*Task prompt*: Omit all pictures, and print word for word only the lines from the one containing "NeeTim 1ct Moissanite" through the end of the data.

*Extracted data*:
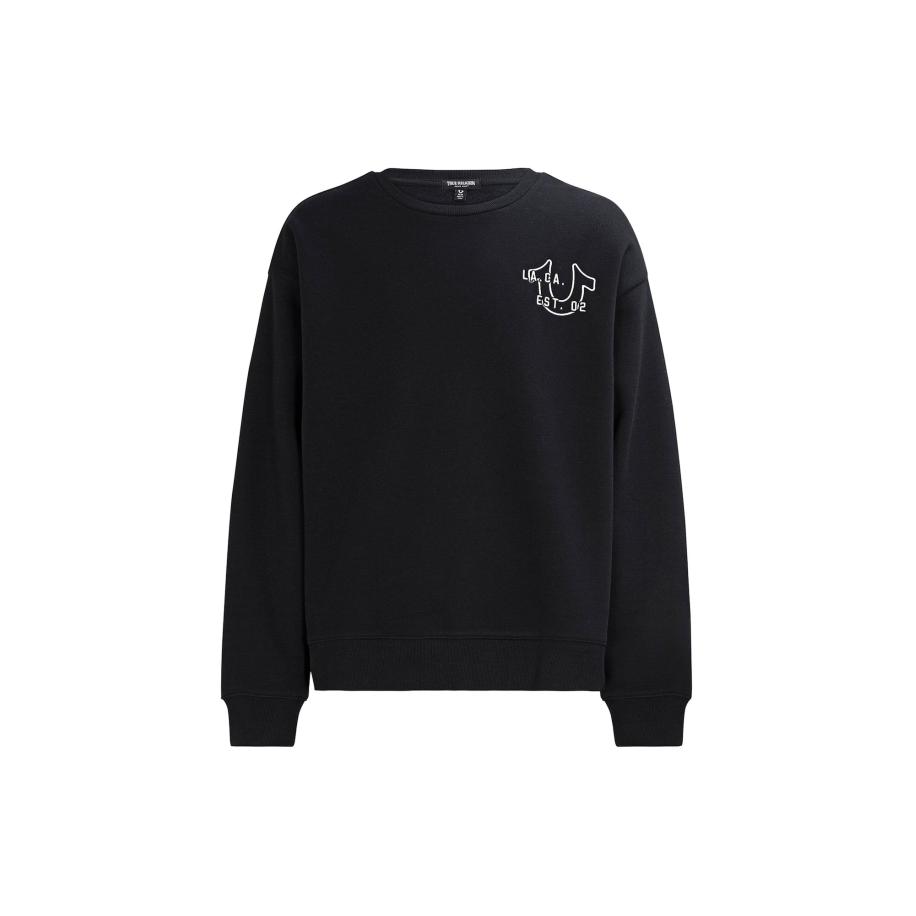 True Religion Sweatshirt zwart / wit Zwart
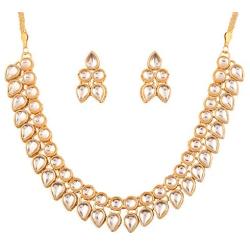 Touchstone Indian Bollywood Handcrafted Traditional Royal Mughal Kundan Polki Meenakari Enamel Colorful Wedding Designer Jewelry Necklace Choker Set in Gold and Silver Tone for Women.
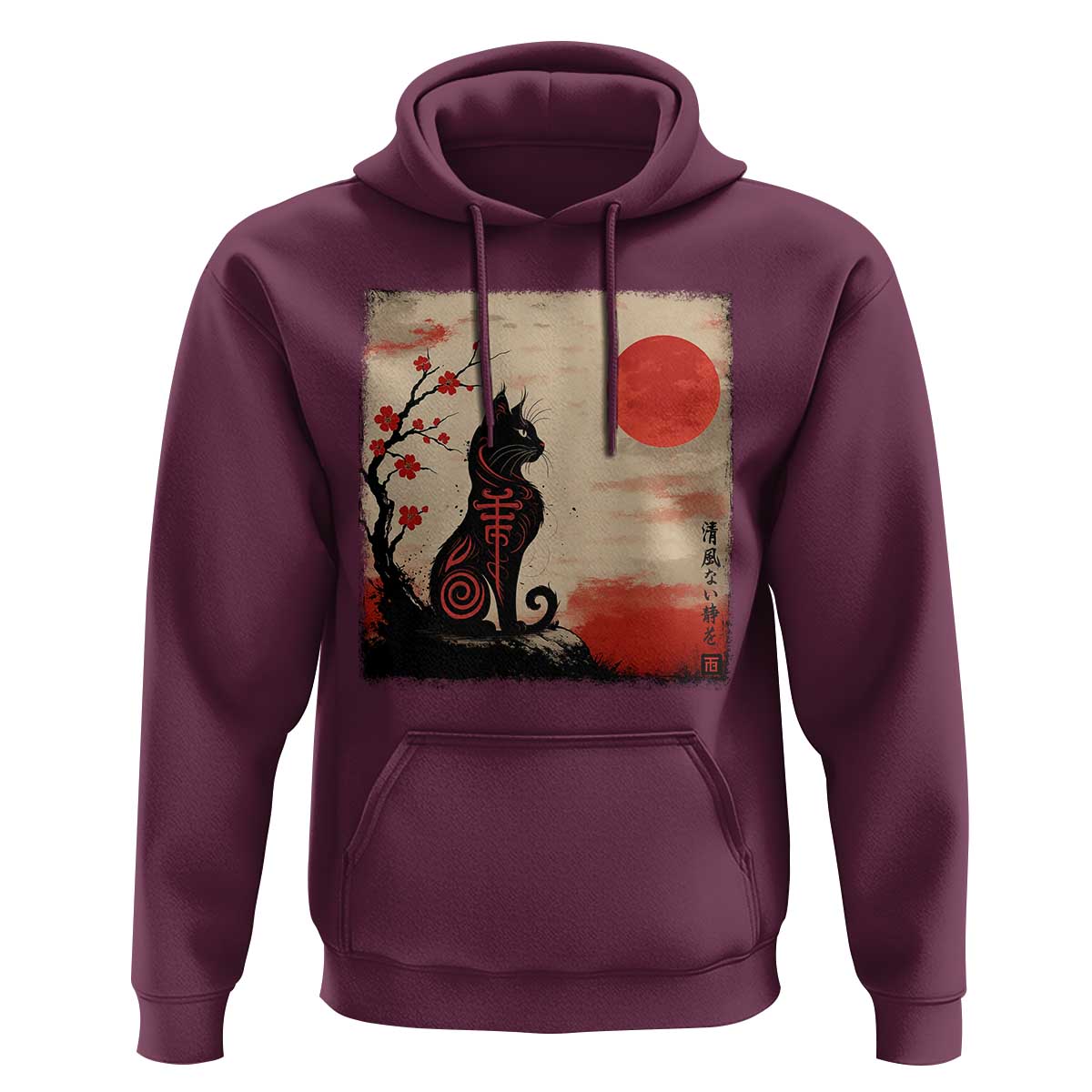 Kawaii Anime Cat Japanese Cherry Blossom Hoodie - Wonder Print Shop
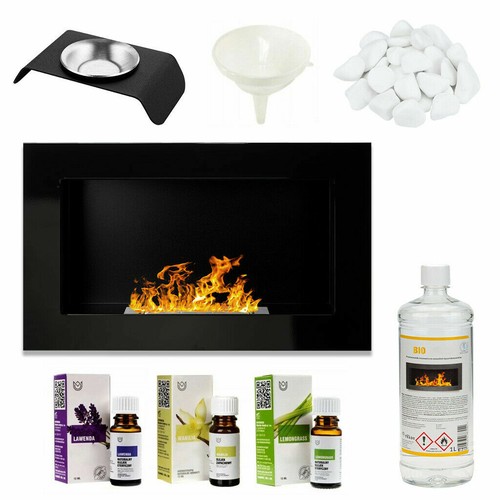 Cheminée bio éthanol noir - cheminée,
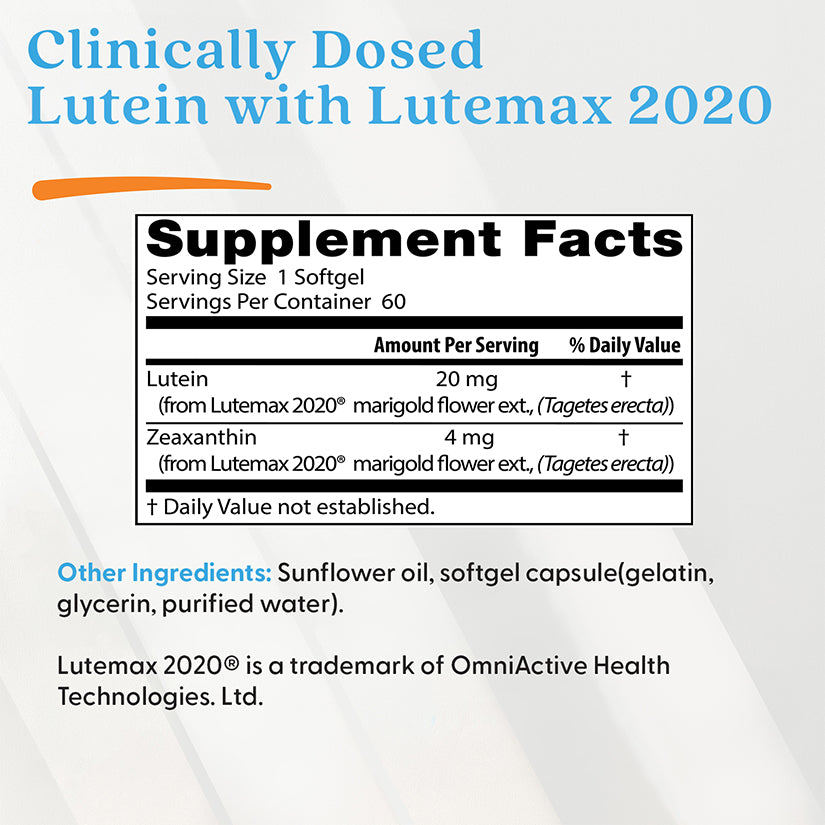 Doctor's Best Lutein with Lutemax 2020, 20 mg, 60 Softgels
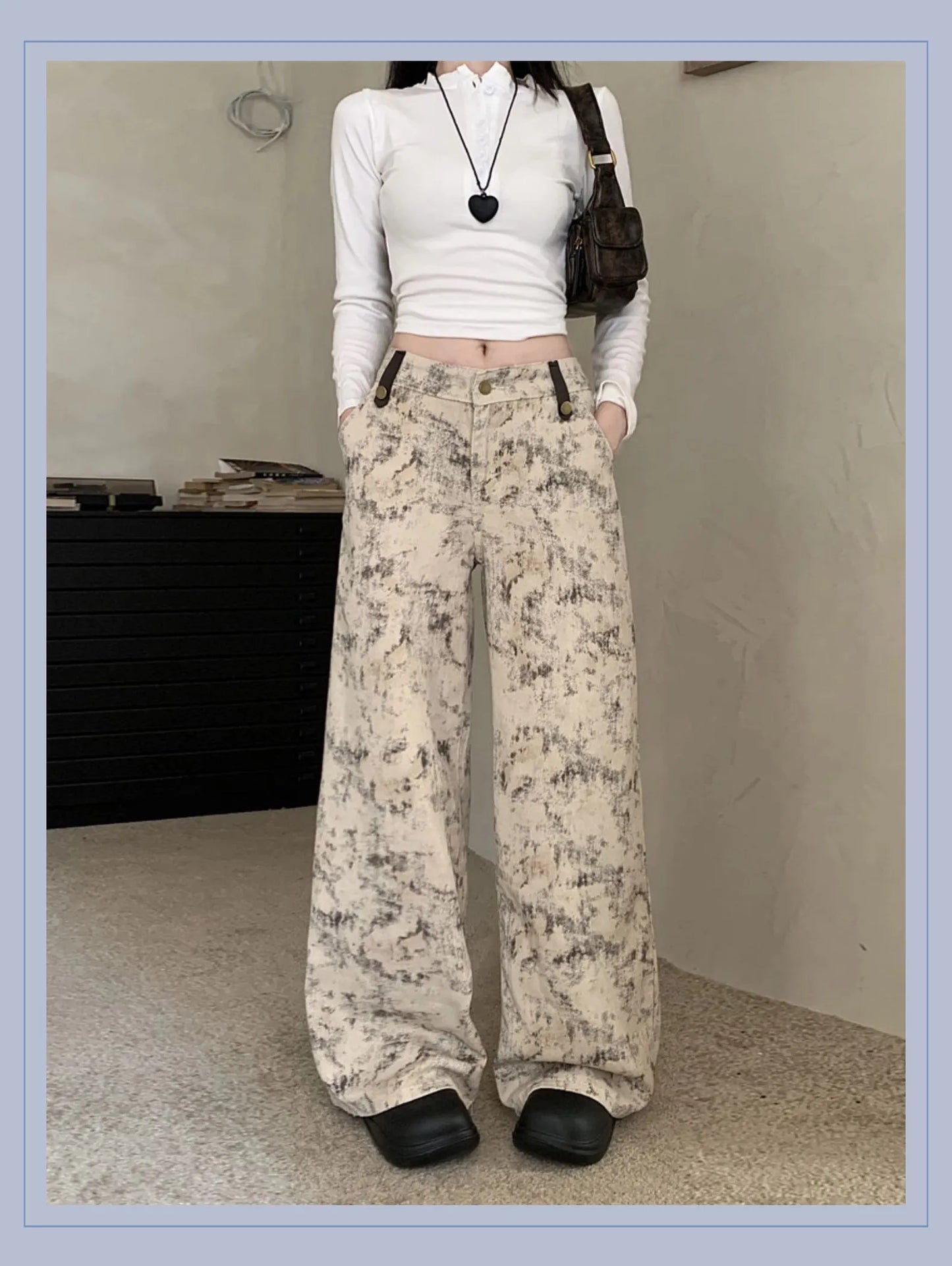 High-Waisted Tie-Dye Tapered Denim Pants – Vintage Style with Back Pockets, Khaki Fit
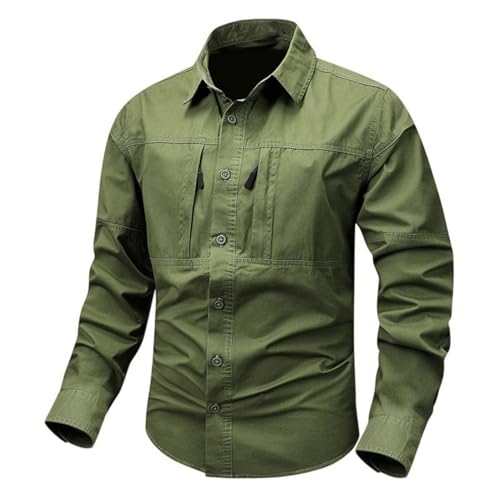 Chemise cargo manches longues homme coton coupe régulière infroissable XS Army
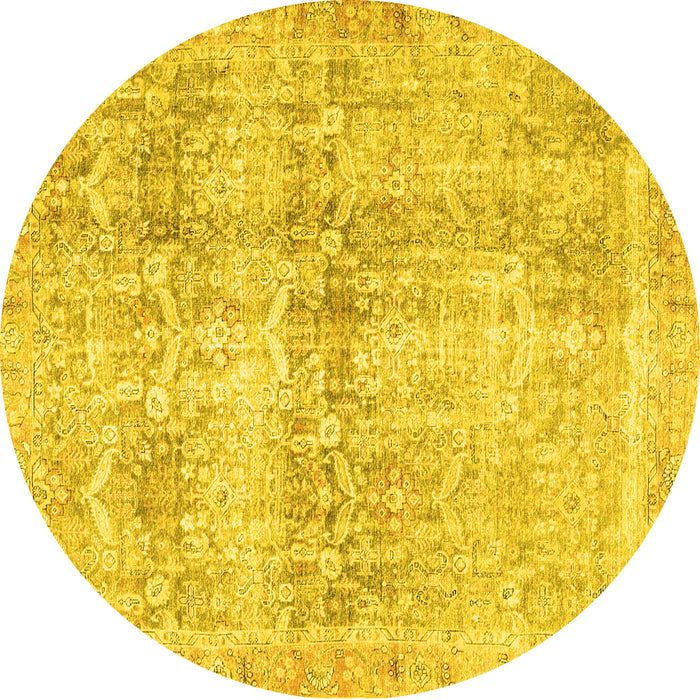 Round Persian Yellow Traditional Rug, tr4499yw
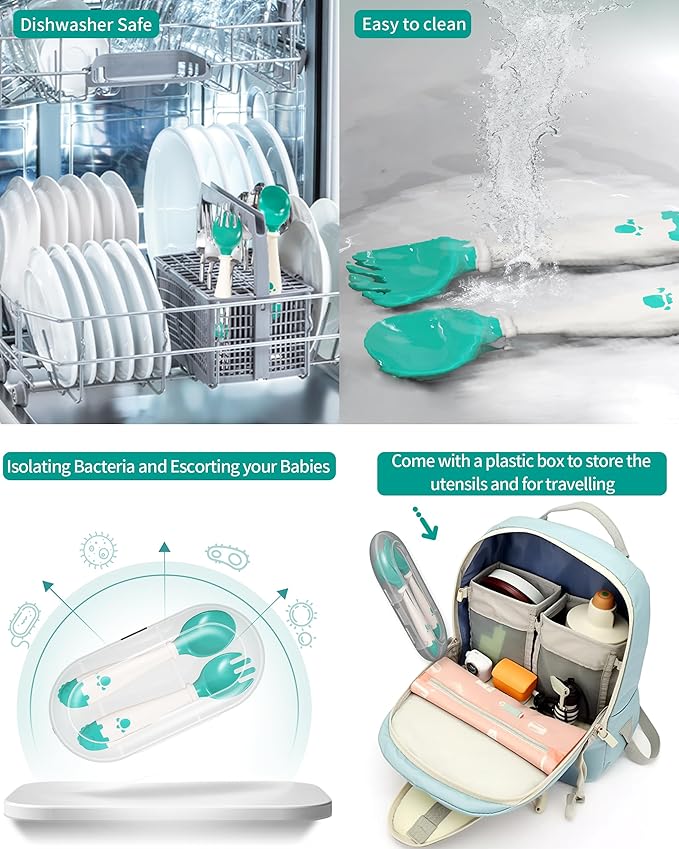 Deejoy Toddler Utensils, Self-feeding Flatware Set withTravel Case, Baby Spoons - Image 4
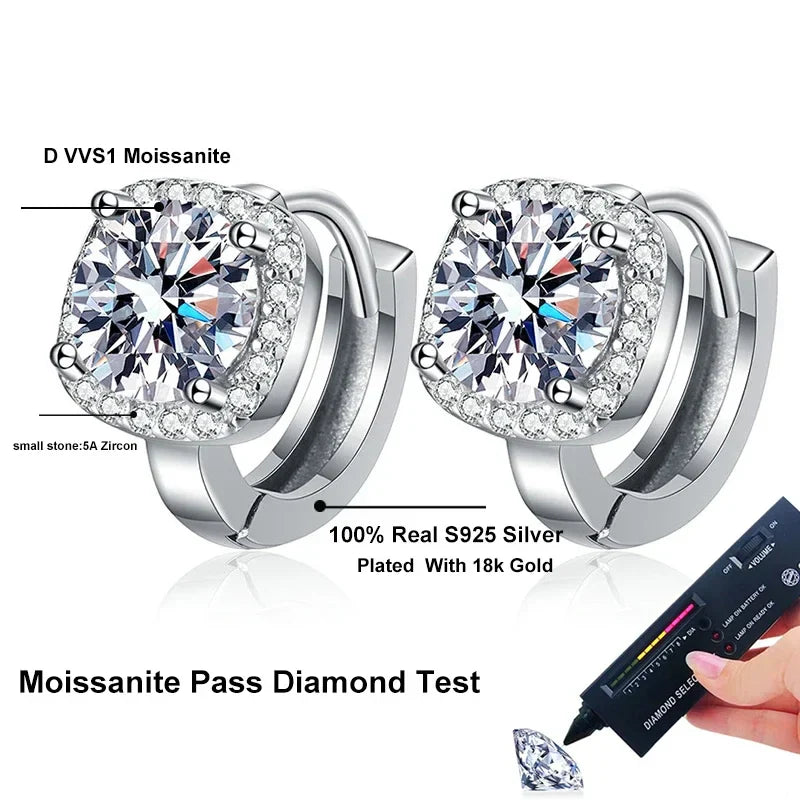 NeeTim 1ct Moissanite Earrings for Women S925 Sterling Silver with 18k Gold Plated Hoop Earring Wedding Jewelry with Certificate Vera Lux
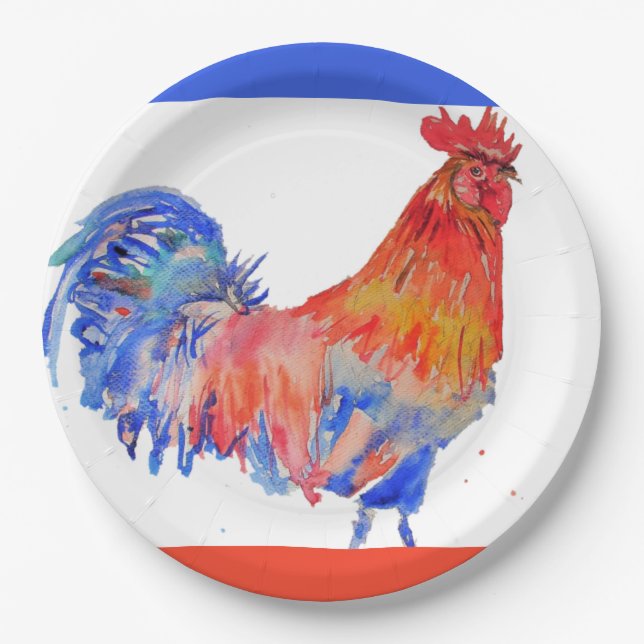 Assiette en papier pour fête d'anniversaire à aqua (Devant)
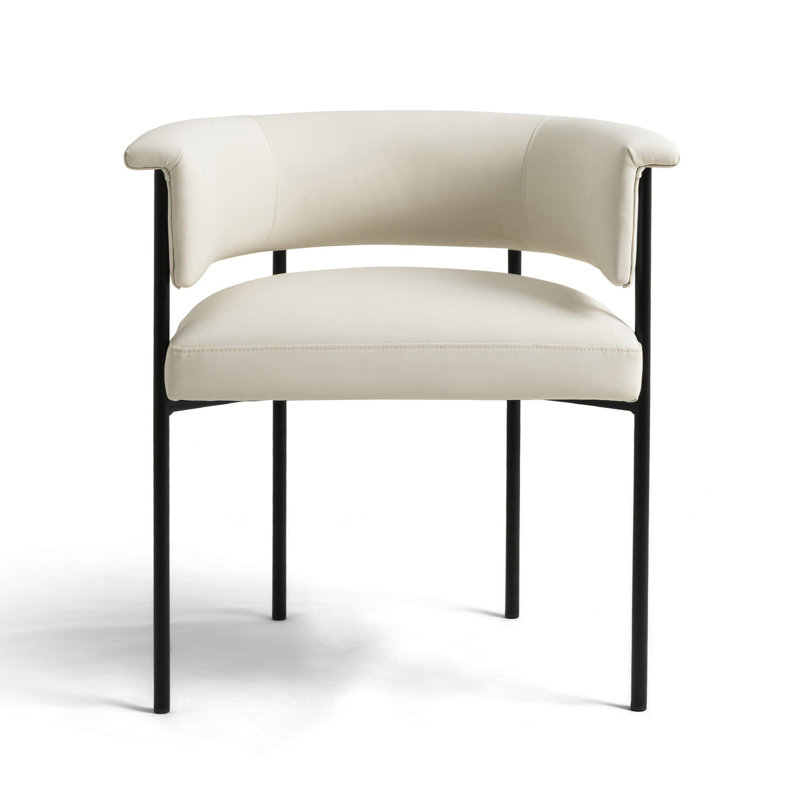 Chaise en cuir crème Isabella Performance, Crème, crème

*Result*:
 NeeTim 1ct Moissanite Earrings for Women S925 Sterling Silver with 18k Gold Plated Hoop Earring Wedding Jewelry with Certificate Vera Lux
 Assiette en papier pour fête d'anniversaire à aqua (Devant)
 Chaise en cuir crème Isabella Performance, Crème, crème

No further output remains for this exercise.